2007-11-01 10:13:53 · 4 answers · asked by Chemical 2 in Arts & Humanities Philosophy

4 answers

Being and Nothingness. In that work, Jean-Paul Sartre attempts to straighten out a question that had eluded Descartes, Kant and Leibniz, and to a lesser extent Heidegger and Bergson: What is the relation of being to its nothingness? Bergson, for example' posited the act of duration, in which organization is melodic, involving a multiplicity of interpretations. Anyone who has been in a meetings, knows there are always competing perspectives and interpretations of events. Sartre, however, points out that if we talk of "temporality" then duration, as a multiplicity of interpretations, must presuppose "an organizing act" (Sartre, 1956: 135). Kant, in contrast to Bergson, did not see a synthesis in a multiplicity and the organizing act. At issue, for organization theory, is the terrain of "collective memory." For Bergson, the past interpretations cling to those of the present, penetrating the present in the form of memory, which is "ekstatically in the Past." What is ekstatic? For, Sartre's theory of temporality and organizing, ekstatic is not one, but three dimensions. And this is one of many contributions he makes in Being and Nothingness. To understand ekstatic, you will need a bit of vocabulary. I will work through an example of being David, not being Dave, and the nothingness of Dave and David. Believe it or not, Sartre speaks to the soul of human beings, to our habits of drinking, work, and dress, to the fashioning of our life style. Anyone who has experienced divorce, alcoholism, or workaholism can understand Sartre without translation. In the following vocabulary, I will point this out, and end with organizing and managing examples, for what is said about Being and Nothingness for Dave and David, can also be said of organizing and managing, and organization studies.

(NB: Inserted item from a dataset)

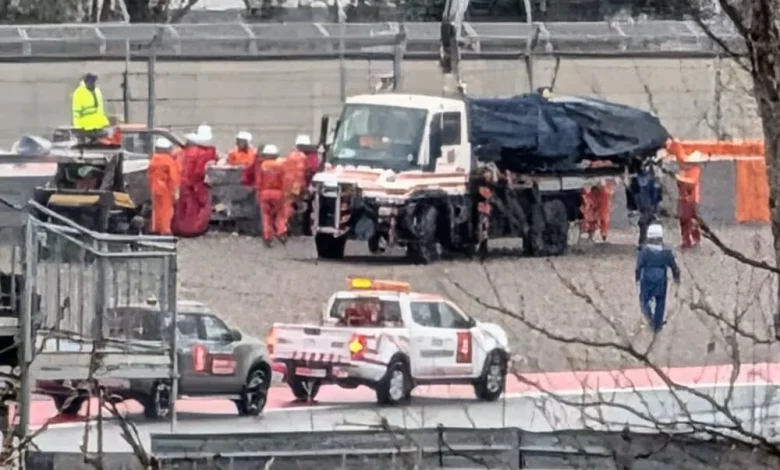 Red Bull unsure when it can run again after Hadjar crash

2007-11-01 10:49:34 · answer #1 · answered by Anonymous · 16 5

Jean Paul Sartre, French novelist, playwright, Nobel Prize Literature winner and exponent of Existentialism,a philosophy acclaiming the freedom of the individual human being.
According to Existentialism:
Existence is always personal and individual, that is, always my existence, your existence, his existence.
Existence is primarily the problem of Being
Existence is also the investigation of the meaning of Being. This investigation is continually faced with diverse possibilities, from among which the human Being must make a selection, to which he must then commit himself.
In addition, Sartre also taught that with social freedom comes social responsibility.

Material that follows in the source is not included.